Work required: Only the records, exactly as written, belong in the answer; pictures do not.

Excerpted data:
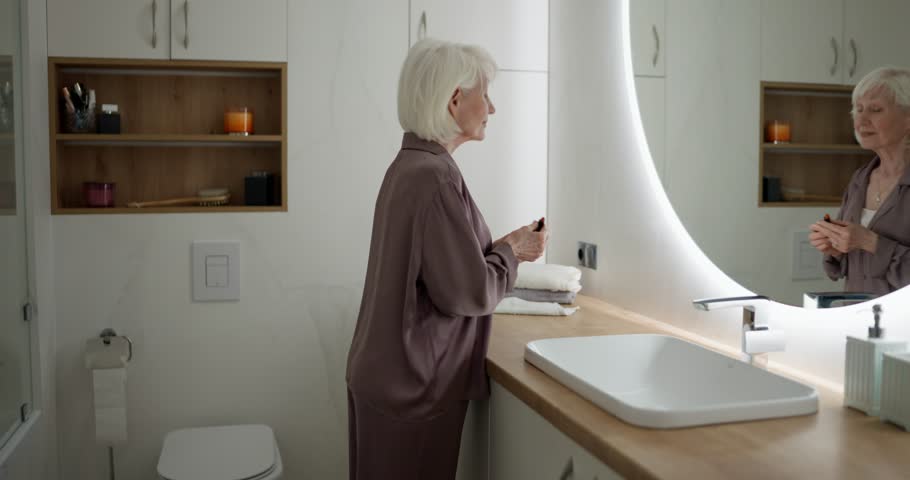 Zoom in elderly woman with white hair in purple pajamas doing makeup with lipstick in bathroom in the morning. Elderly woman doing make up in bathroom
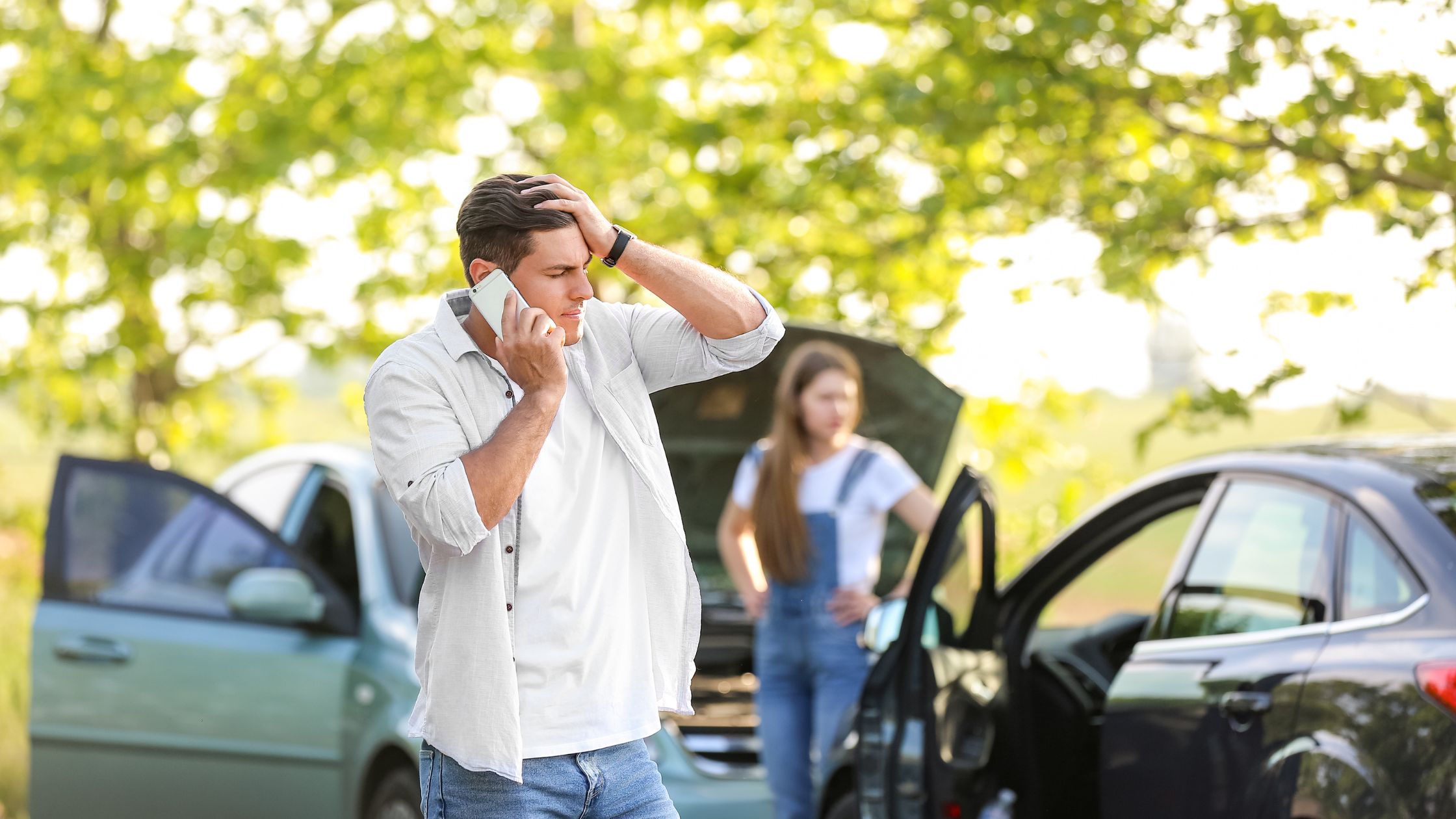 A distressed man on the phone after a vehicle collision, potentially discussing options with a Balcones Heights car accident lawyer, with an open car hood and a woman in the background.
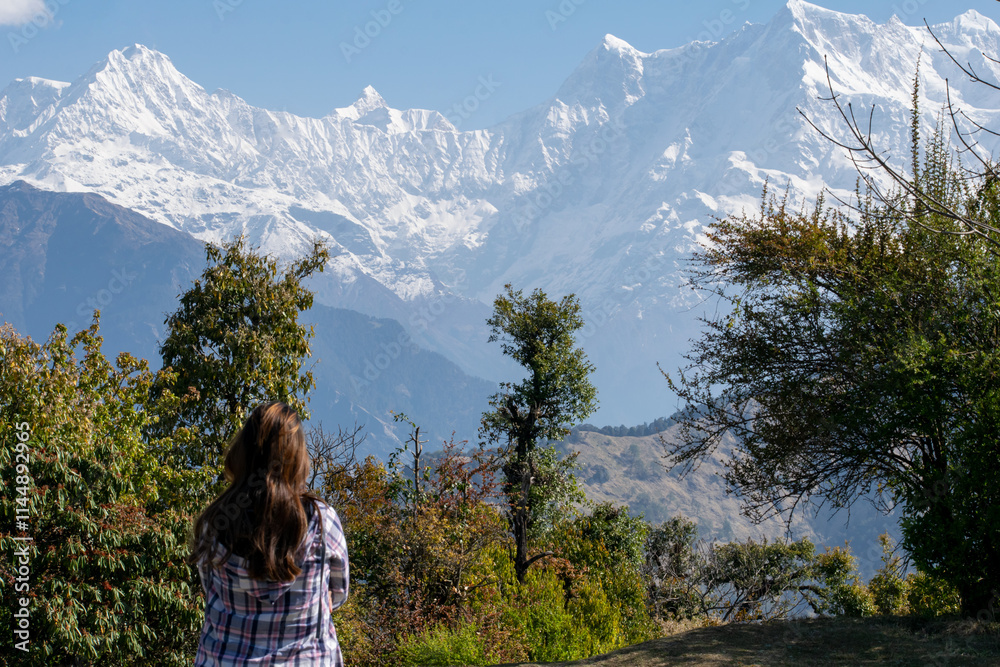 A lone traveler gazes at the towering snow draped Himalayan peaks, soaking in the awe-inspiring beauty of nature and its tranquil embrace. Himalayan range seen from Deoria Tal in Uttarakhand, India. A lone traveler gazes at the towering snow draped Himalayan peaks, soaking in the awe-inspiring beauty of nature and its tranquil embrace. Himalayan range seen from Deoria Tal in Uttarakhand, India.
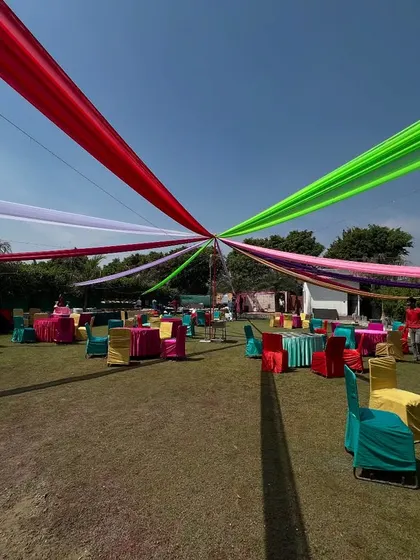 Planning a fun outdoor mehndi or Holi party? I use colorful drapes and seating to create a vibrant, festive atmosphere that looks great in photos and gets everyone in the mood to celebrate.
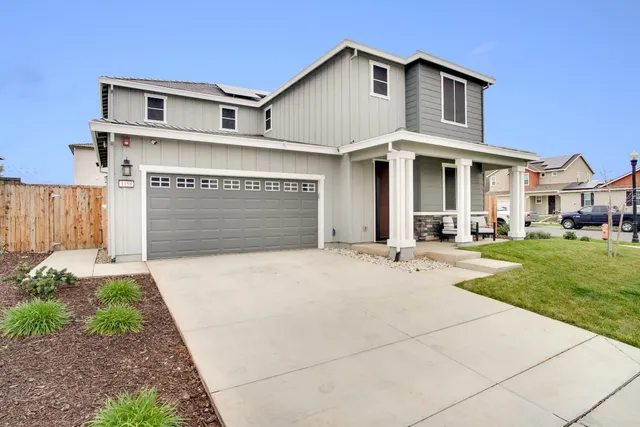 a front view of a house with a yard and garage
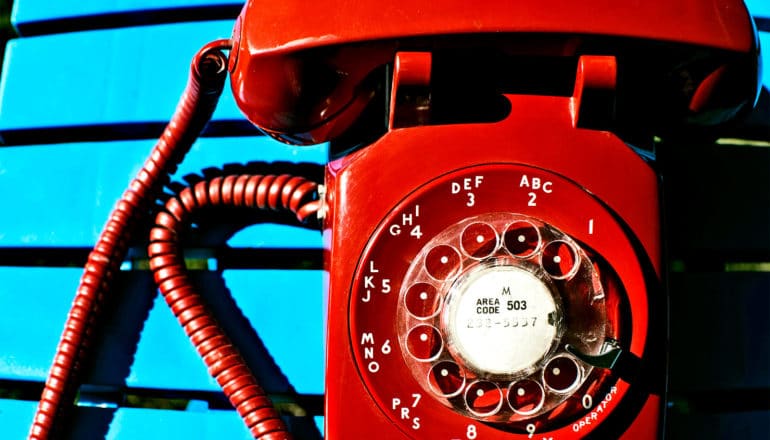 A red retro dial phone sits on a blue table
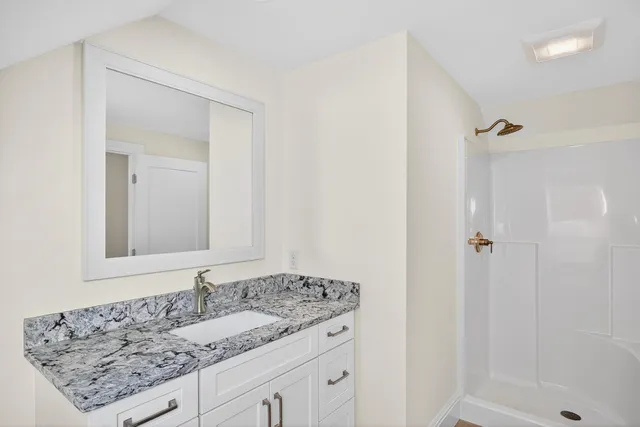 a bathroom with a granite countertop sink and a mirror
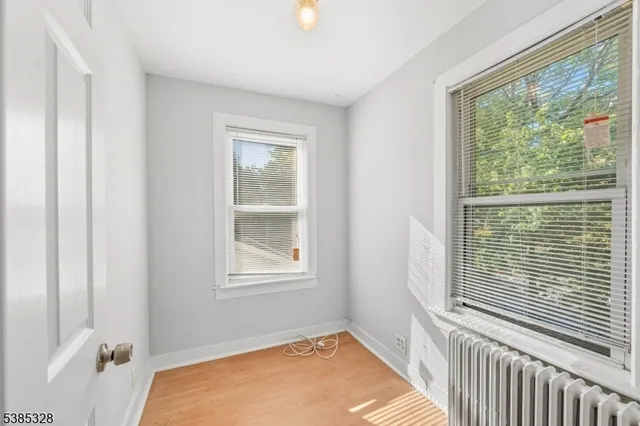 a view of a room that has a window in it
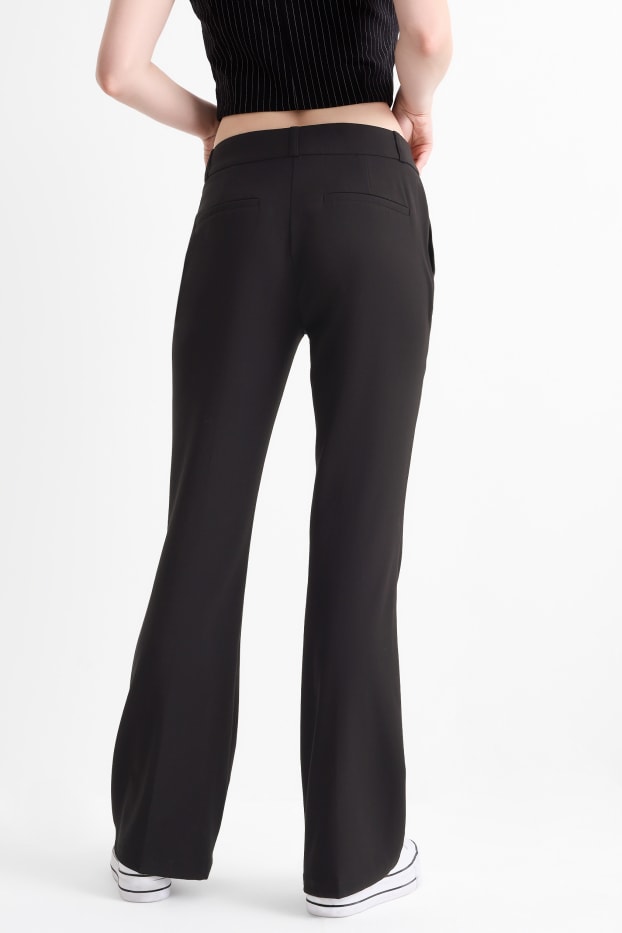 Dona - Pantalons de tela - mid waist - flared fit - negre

Answer section:
 Zoom in elderly woman with white hair in purple pajamas doing makeup with lipstick in bathroom in the morning. Elderly woman doing make up in bathroom
 A distressed man on the phone after a vehicle collision, potentially discussing options with a Balcones Heights car accident lawyer, with an open car hood and a woman in the background.
 A lone traveler gazes at the towering snow draped Himalayan peaks, soaking in the awe-inspiring beauty of nature and its tranquil embrace. Himalayan range seen from Deoria Tal in Uttarakhand, India. A lone traveler gazes at the towering snow draped Himalayan peaks, soaking in the awe-inspiring beauty of nature and its tranquil embrace. Himalayan range seen from Deoria Tal in Uttarakhand, India.
 Planning a fun outdoor mehndi or Holi party? I use colorful drapes and seating to create a vibrant, festive atmosphere that looks great in photos and gets everyone in the mood to celebrate.
 a front view of a house with a yard and garage
 A red retro dial phone sits on a blue table
 a bathroom with a granite countertop sink and a mirror
 a view of a room that has a window in it
 Dona - Pantalons de tela - mid waist - flared fit - negre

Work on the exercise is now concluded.